There are a couple literary issues to note. Just remember this story when we start talking about the Book of Esther near the end of the semester.  We will revisit this at that time. There are some similarities. And then in your Old Testament Parallels there is the story of Anubis and Bata. I’m not going to wax so long on the Judah narrative. Usually I ask lots of questions in terms of why is it here and why it interrupts the narrative that started in ch 37 – but we’re wrestling with the clock this term.

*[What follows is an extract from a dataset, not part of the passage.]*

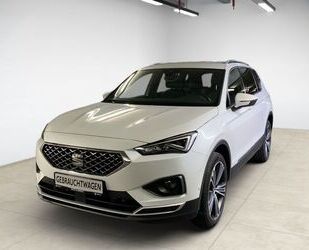 Seat Seat Tarraco 2.0 TDI 4Drive XCELLENCE |AHK|BeatsAu Gebrauchtwagen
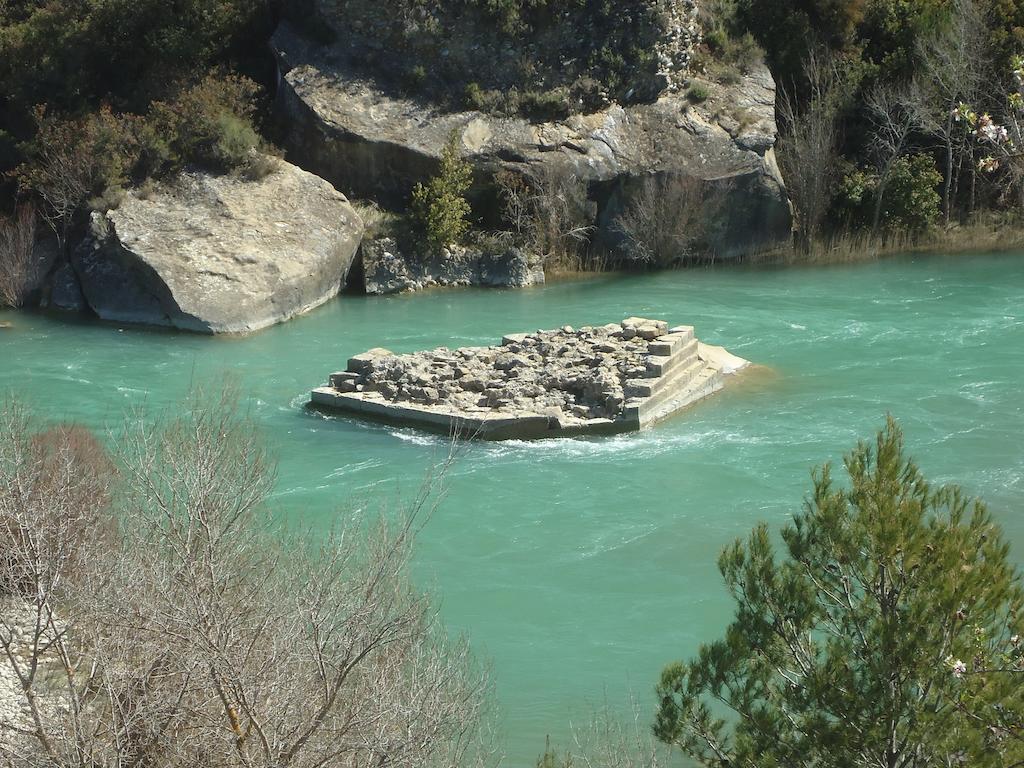 Willa Casa Felisa Pirineo Aragones Santa Eulalia de Gállego Pokój zdjęcie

Brief Observations on the Joseph Narrative

            We do want to think about the Joseph narrative in terms of God’s preparation of Joseph, including his time as prisoner.  (This is all in your lecture outline.)  Just several highlights:  Think in terms of the long robe that Jacob gave to him. Remember the material about inheritance that we talked about, when God clothed Adam and Eve as a signal that he was indeed recognizing them as children?  Clothing has importance. This robe is even more than that. The Hebrew term a special word; it only shows up again in the Hebrew Bible with reference to one of David’s daughters, in a story we’re going to come to later on when we study David. So, there seems to be something pretty remarkable about this robe; it’s probably symbolic of the fact that Joseph has now gotten the first-born rights. And that would not make his brothers terribly happy if he’s flaunting it, especially since his brothers are older.
            We also have the dreams which indicate that they’re all going to be bowing down to him. That  also doesn’t go over terribly well. And finally, we see what happens at Dothan. He’s also a favorite slave of Potiphar  until, of course, Potiphar’s wife likes him so much, that she frames him, gets him into trouble, and then he’s a prisoner. And as a prisoner, he has a series of opportunities to interpret dreams again. Notice Joseph and dreams. Notice the two-ness, two witnesses in these two dreams, multiple dreams of Pharaoh, multiple dreams of the butler, the baker, multiple dreams of Joseph earlier, two witnesses on these things. Advice to Pharaoh and appointment to the ruling position, and we know what happens after that, don’t we? The brothers come; you know that story.  

And with my apologies for a very much abbreviated lecture!  If nothing else, I hope you will ponder the implications of God’s sovereignty in regard to dealing with potential bitterness.